[BRIEF] Extract the lines from the first one in the records below through the line containing "JstFrU Wooden Cribbage", keeping both ends and leaving out any pictures.

===== EXTRACTED INFORMATION

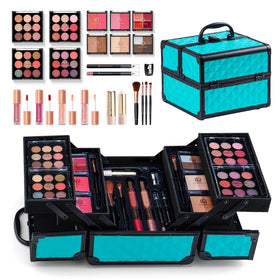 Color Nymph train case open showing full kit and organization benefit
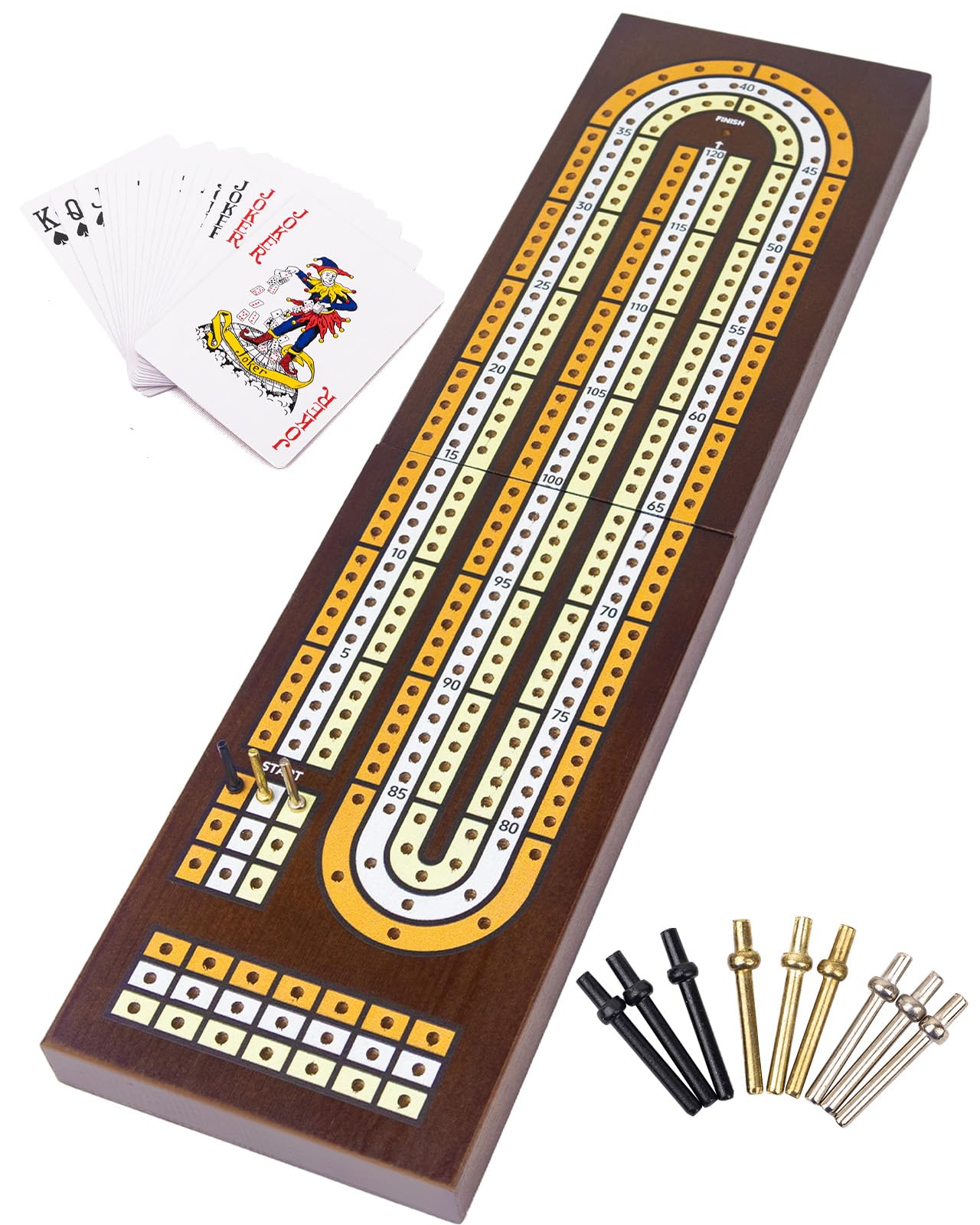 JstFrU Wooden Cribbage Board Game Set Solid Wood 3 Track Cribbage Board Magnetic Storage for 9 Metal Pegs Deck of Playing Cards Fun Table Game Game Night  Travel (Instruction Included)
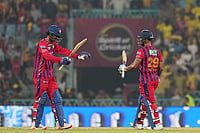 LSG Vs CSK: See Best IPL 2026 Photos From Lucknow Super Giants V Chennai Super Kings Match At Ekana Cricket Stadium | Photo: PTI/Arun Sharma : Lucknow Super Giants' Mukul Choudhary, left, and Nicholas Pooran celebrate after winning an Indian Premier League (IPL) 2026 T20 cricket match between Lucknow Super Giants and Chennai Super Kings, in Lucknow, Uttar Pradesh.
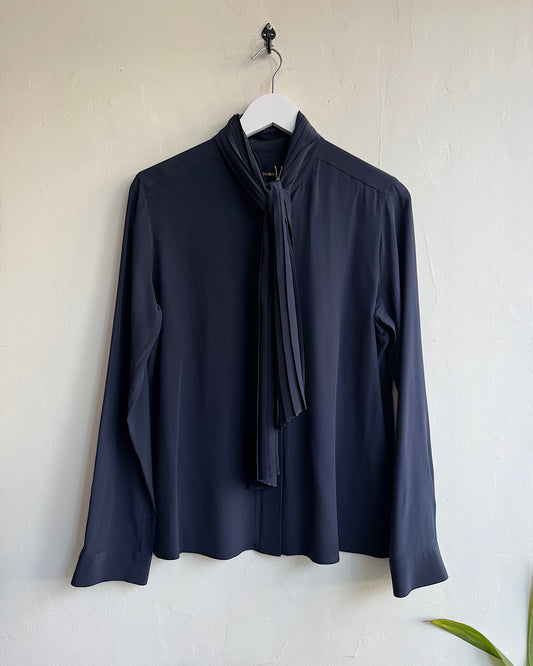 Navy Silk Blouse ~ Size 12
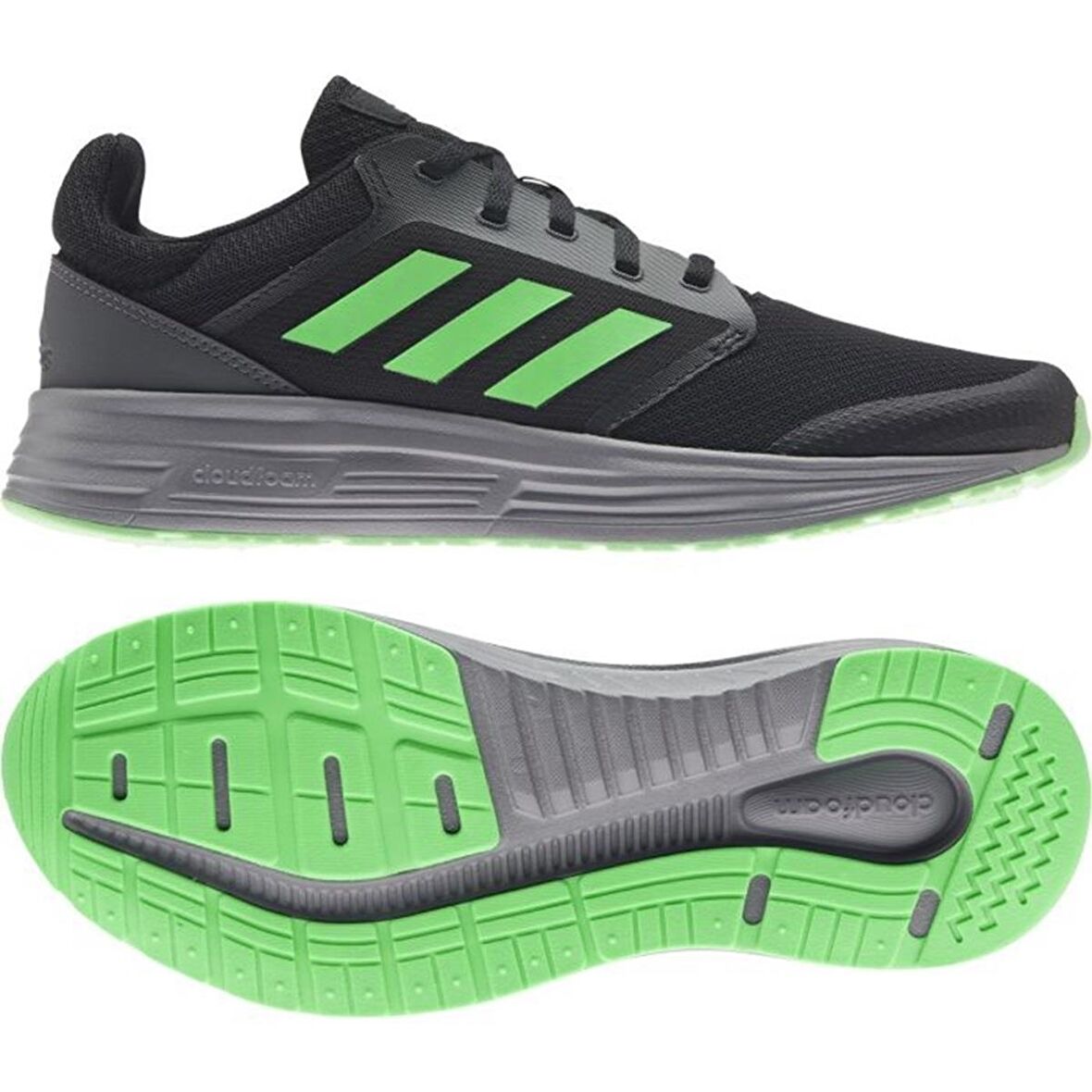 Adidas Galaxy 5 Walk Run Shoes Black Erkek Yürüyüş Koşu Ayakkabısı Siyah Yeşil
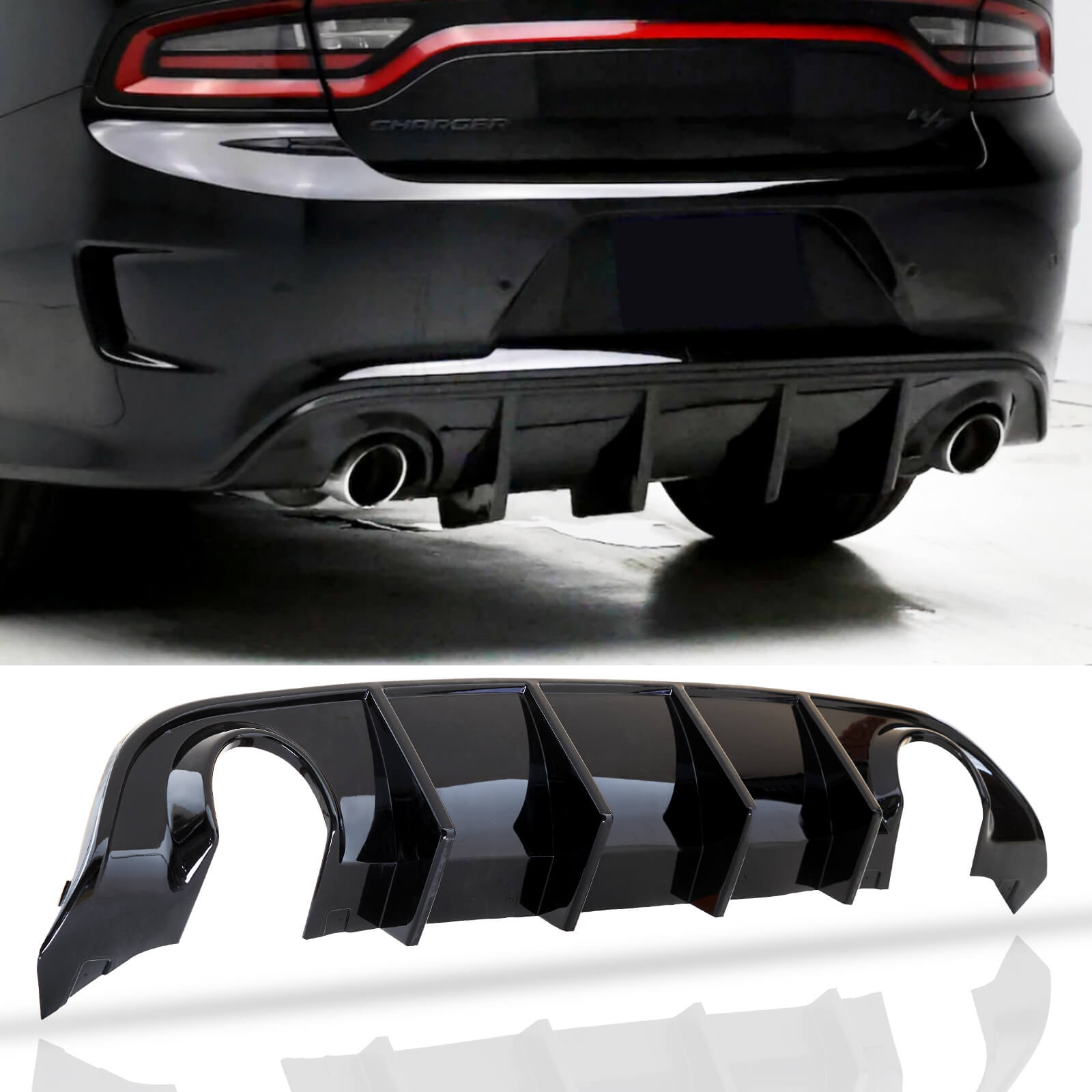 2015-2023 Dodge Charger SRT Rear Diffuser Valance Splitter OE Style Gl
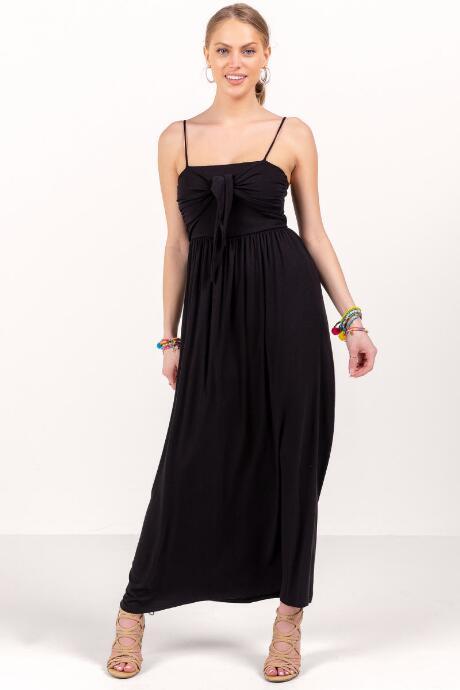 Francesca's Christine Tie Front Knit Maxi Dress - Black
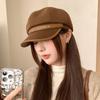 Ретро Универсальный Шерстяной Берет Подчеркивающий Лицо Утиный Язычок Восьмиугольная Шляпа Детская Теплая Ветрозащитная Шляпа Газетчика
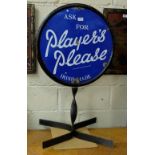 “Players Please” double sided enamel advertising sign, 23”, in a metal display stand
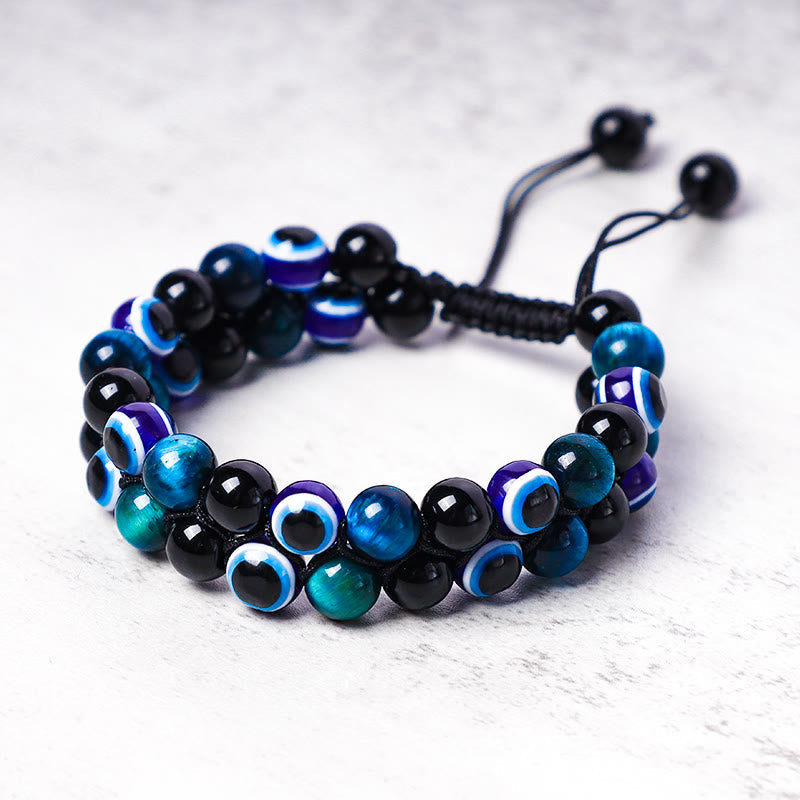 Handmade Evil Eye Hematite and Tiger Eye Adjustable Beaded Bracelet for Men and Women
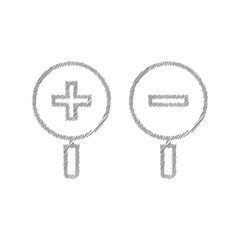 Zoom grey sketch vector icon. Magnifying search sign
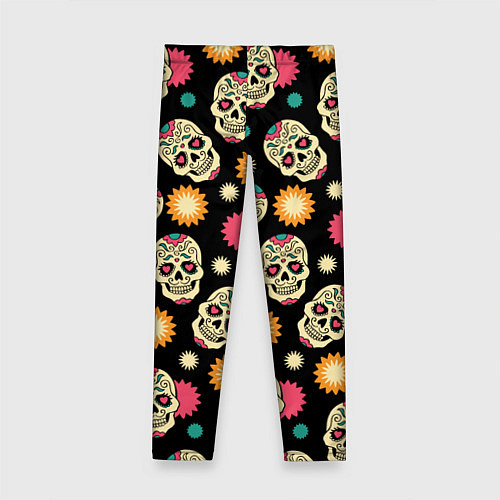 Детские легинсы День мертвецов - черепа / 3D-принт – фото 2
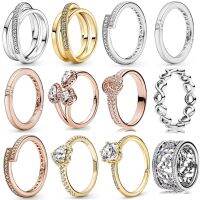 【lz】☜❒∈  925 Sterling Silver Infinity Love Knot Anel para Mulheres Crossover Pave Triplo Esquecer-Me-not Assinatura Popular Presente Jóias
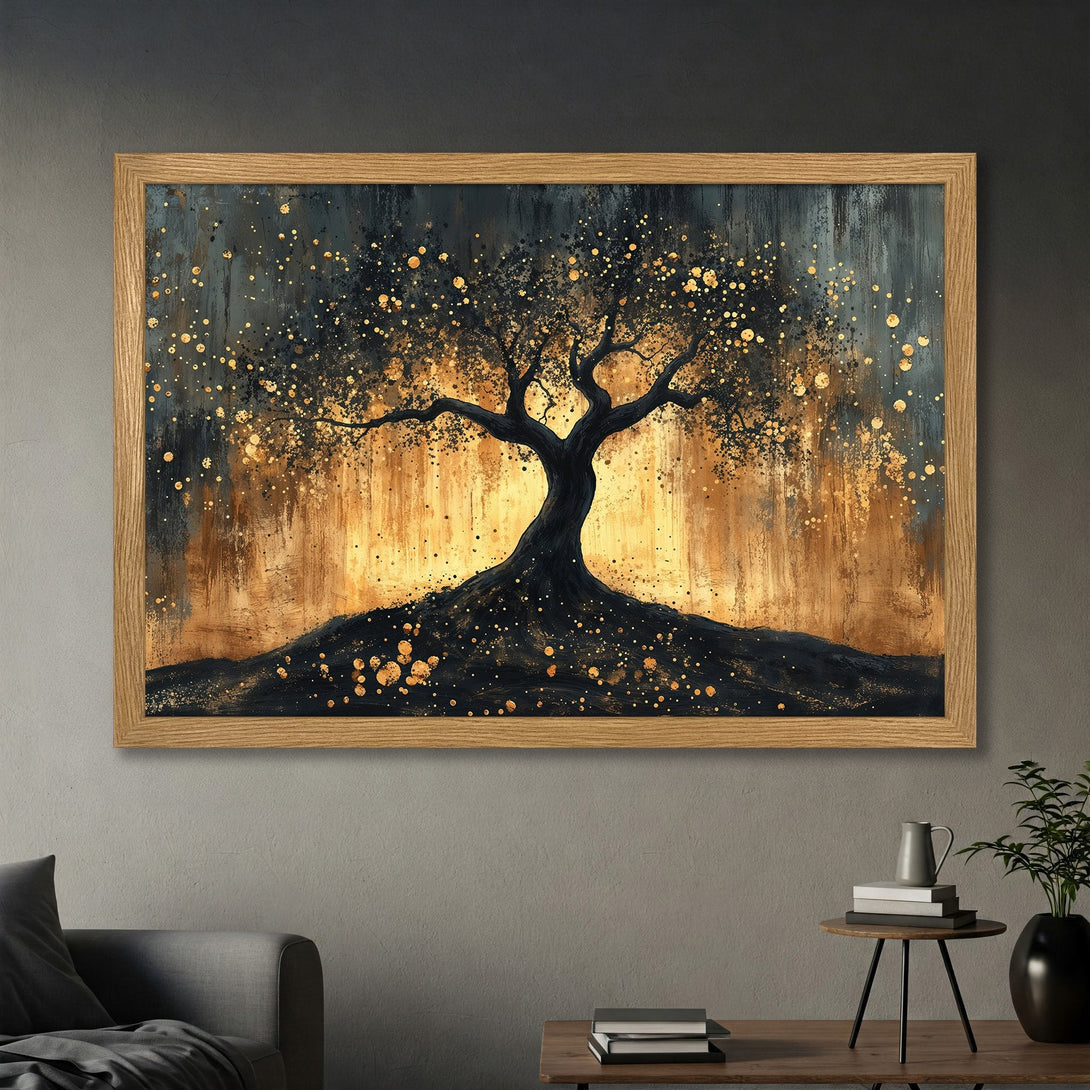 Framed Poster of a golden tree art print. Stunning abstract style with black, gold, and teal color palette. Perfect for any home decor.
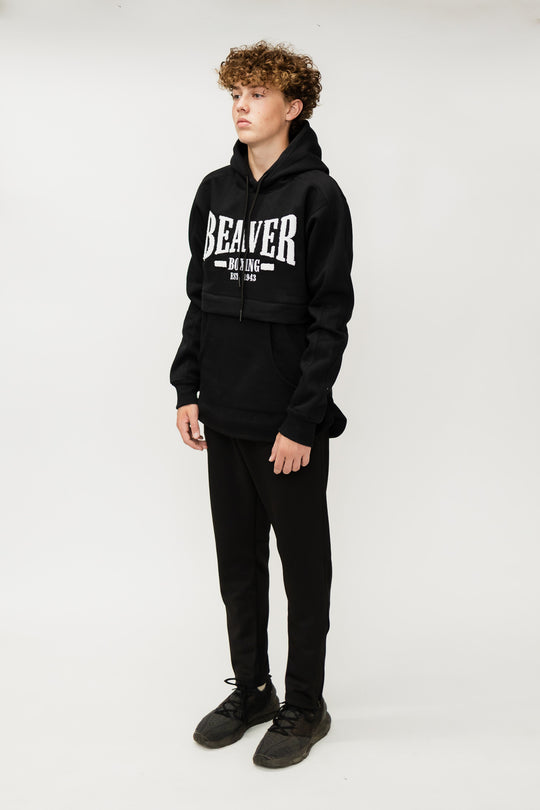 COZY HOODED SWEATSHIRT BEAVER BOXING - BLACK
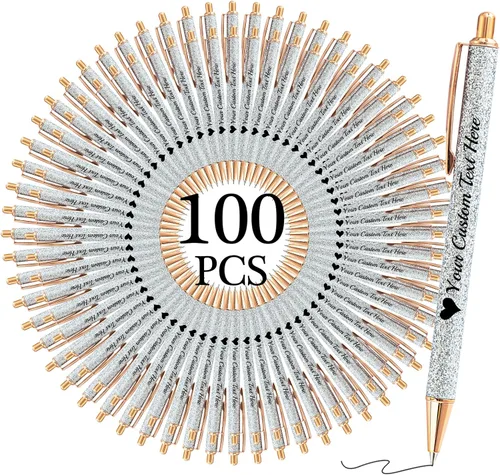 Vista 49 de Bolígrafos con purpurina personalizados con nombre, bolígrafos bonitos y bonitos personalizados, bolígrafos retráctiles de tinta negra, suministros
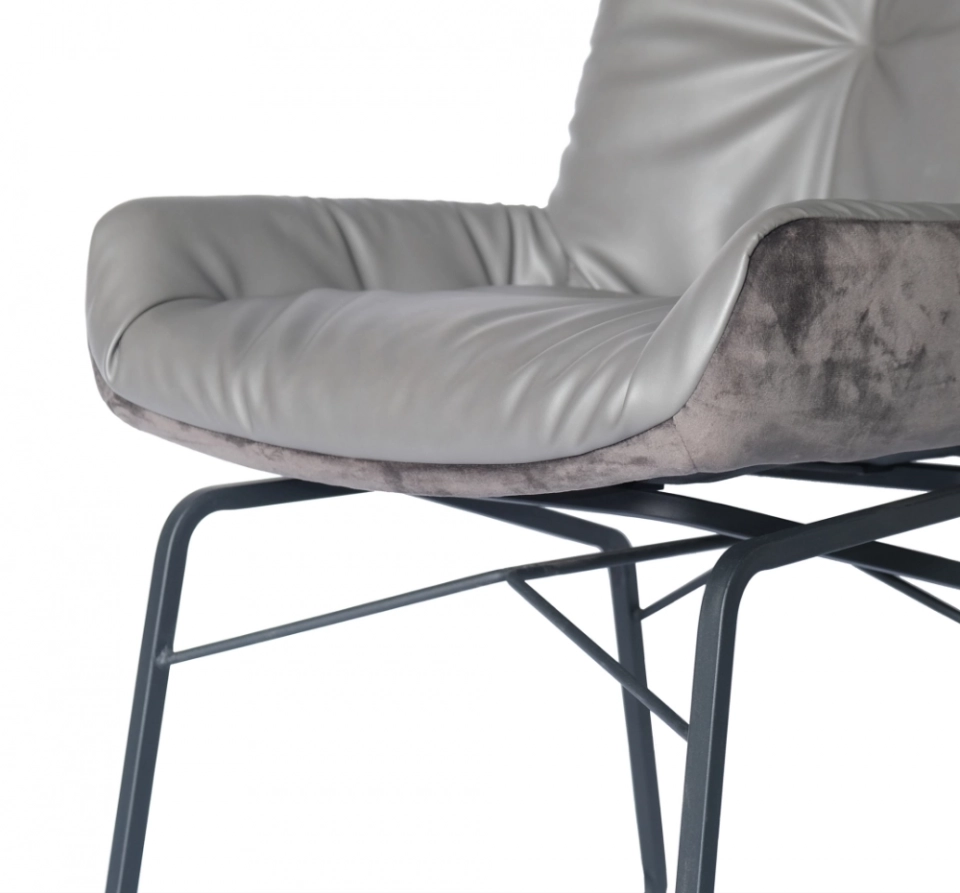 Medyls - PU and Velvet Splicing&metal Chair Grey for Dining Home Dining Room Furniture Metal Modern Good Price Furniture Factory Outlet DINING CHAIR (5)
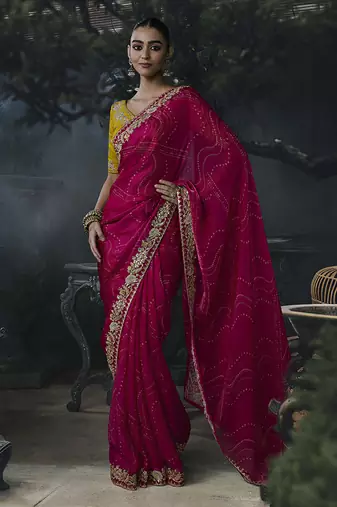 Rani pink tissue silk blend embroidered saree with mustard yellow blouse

==========

[ANSWER SECTION]
 Color Nymph train case open showing full kit and organization benefit
 JstFrU Wooden Cribbage Board Game Set Solid Wood 3 Track Cribbage Board Magnetic Storage for 9 Metal Pegs Deck of Playing Cards Fun Table Game Game Night  Travel (Instruction Included)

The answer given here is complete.